My name is Ivory (Boggs)Barker, I am 75 years old.
These are some things that I remember about my
childhood.
We were poor, my Dad didn't have a
regular job. He worked for other farmers, whatever they had something to do. My Mom worked hard too, she took care of me and my sister, cooked and worked outside on the farm and garden.
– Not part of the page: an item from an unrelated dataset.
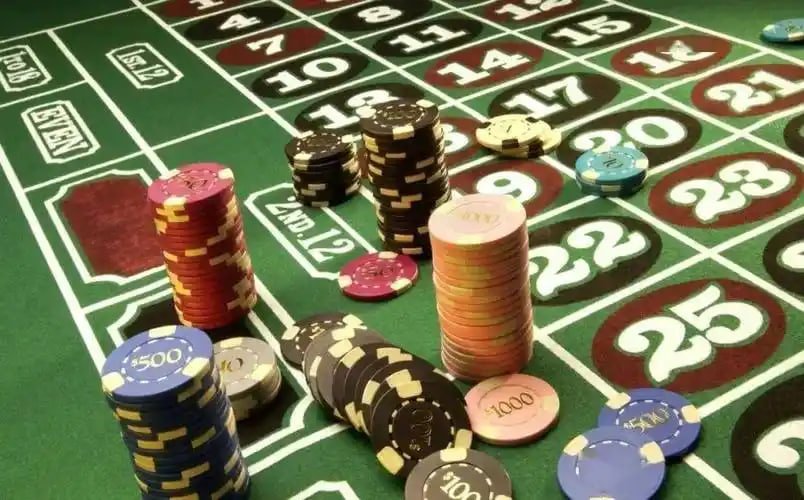 700 bet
When us girls got big enough, we
worked and helped in any way we could.
We had to go barefooted during
warm weather,but got a pair of $1.00
shoes in July to wear to Sacrament
Time at church. We also got a pair in the
fall to wear to school.
We also wore tan colored long stockings.
For in them times girls hardly
ever wore jeans. I remember I got a pair
of Bib overalls one time. I was so
proud of them. I was Daddy's boy for there
were no boys in our family that lived.
We went to a one room school house
We didn't have anything to play with
only soft ball and base ball and build
play houses. We got rocks and put moss
on them to make couches. We would gather
redbud beans and pretend we were cooking beans.
We had spelling bees and would compete
against the neighboring schools.
We never went hungry, but our food
wasn't a very big variety. We eat a lot
of gravy and cornbread and milk and
cornbread. We only killed one hog a year.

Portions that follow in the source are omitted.